Hello and welcome to the forum, there are a lot of people who can answer many of your questions, the classic seems to be a very respected machine on here , and from my limited experience I can vouch for being able to get a great shot without too much effort. You are correct The grinder choice is quite an important part of the setup and there is a few people on here who can source you a decent secondhand grinder , so stick around I am sure they will soon come and say hello. Plus there is an area in the forum where others sell their equipment as they upgrade .


----------



## The Systemic Kid (Nov 23, 2012)

Welcome to the forum - you've done your research well - Mignon paired with Classic will serve you well. Feed your machine good quality fresh roasted beans and you'll soon have a smile on your face. You'll need some jewellers' scales - check ebay; a decent tamper - Made by Knock offer excellent quality and value. If it's a new Classic, it will come with a pressurised portafilter basket which should be discarded if you're serious about coffee.

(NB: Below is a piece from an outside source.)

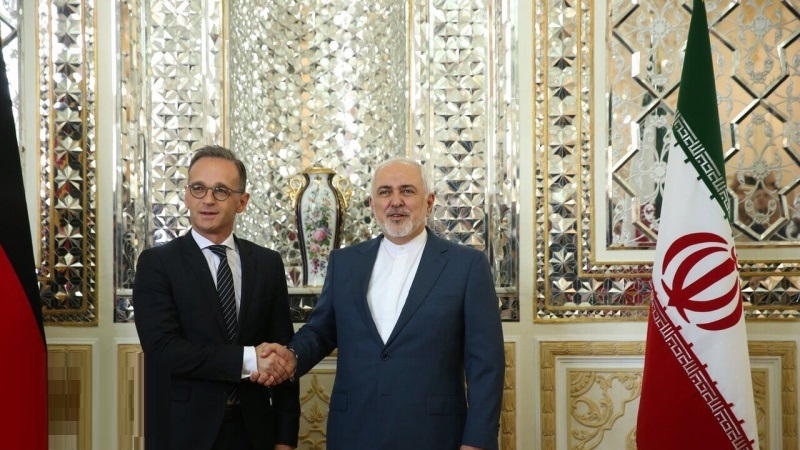 Iran, Zarif denuncia guerra economica degli Usa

It's designed to produce lots of crema with coarser ground coffee. Get a stock 58mm portafilter basket - very cheap and widely available. Read up on adjusting the OPV - it will be factory set at 15bar for the pressurised basket - using a conventional one requires a pressure of around 9bar. Plenty of help and support on the forum for adjusting this when and if you are ready to do so.


----------



## Wallm0nkey (Mar 22, 2014)

Thanks for the tips I'll take notes of the other bits you've mentioned I've been quite enjoying getting the shopping list together so far. The temptation for a cheaper grinder to get going now was there but it sounds as though the Mignon is a good choice and not too big. Itching to get started now!


----------



## oracleoftruth (Jan 15, 2014)

The mignon looks great and the consensus seems to be that it's a great grinder and a good match to the classic.


----------



## ajh101 (Dec 21, 2013)

I have the Classic / Mignon pairing and it seems to be deservedly popular. Only recently started so I have a long way to go but everyone here is very helpful and I am learning lots. Just watch out for upgraditis!


----------



## Wallm0nkey (Mar 22, 2014)

I think the upgraditus has already started! Everything I look at seems to have a shinier more expensive alternative







I had convinced myself to just buy a manual grinder to use with my french press. In the space of a couple of days after everything I've read I came to the Classic/Mignon pair! Glad to see it has a bit of a fan base getting me more excited. I quite fancy a Hausgrind maybe in the future as it just looks like a lovely bit of kit and saves messing with the Mignon's settings.


----------